By replacing the known seeds with the corresponding slot names, we obtain new templates: 

(55) X wrote Y. 

(56) Y was written by X. 

(57) X is most known for his novel Y. 

In our example, (55) and (56) are paraphrases of (49); however, (57) textually entails (49), but is 
not a paraphrase of (49). If we want to generate paraphrases, we must keep (55) and (56) only; if we 
want to generate templates that entail (49), we must keep (57) too. Some of the generated candidate 
templates may neither be paraphrases of, nor entail (or be entailed by) the original template. A good 
paraphrase or textual entailment recognizer (Section 2) or a human in the loop would be able to filter 
out bad candidate templates; see also Duclaye et al.'s (2003) work, where Expectation Maximization 
(Mitchell, 1997) is used to filter the candidate templates. Simpler filtering techniques may also be 
used. For example, Ravichandran et al. (2002, 2003) assign to each candidate template a pseudo- 
precision score; roughly speaking, the score is computed as the number of retrieved sentences that 
match the candidate template with X and Y having the values of any seed pair, divided by the 
number of retrieved sentences that match the template when X has a seed value and Y any value, 
not necessarily the corresponding seed value. 

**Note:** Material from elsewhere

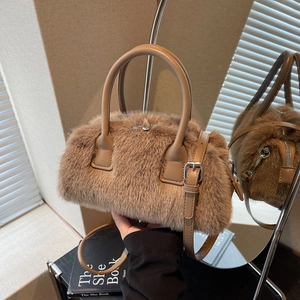 Brown faux fur plush boston bag with leather handles and crossbody strap for autumn winter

Having obtained new templates, we can search the corpus for new sentences that match them; 
for example, sentence (58) matches the generated template (56). From the new sentences, more seed 
values can be obtained, if the slot values correspond to types of expressions (e.g., person names) that 
can be recognized reasonably well, for example by using a named entity recognizer or a gazetteer 
(e.g., a large list of book titles); from (58) we would obtain the new seed pair (59). More iterations 
may be used to generate more templates and more seeds, until no more templates and seeds can be 
discovered or a maximum number of iterations is reached. 

(58) Frankenstein was written by Mary Shelley. 

(59) (X = "Mary Shelley", Y = "Frankenstein") 

Figure 4 illustrates how a bootstrapping paraphrase generator works. Templates that textually entail 
or that are textually entailed by an initial template, for which seed slot values are provided, can be 
generated similarly, if the paraphrase recognizer is replaced by a textual entailment recognizer. 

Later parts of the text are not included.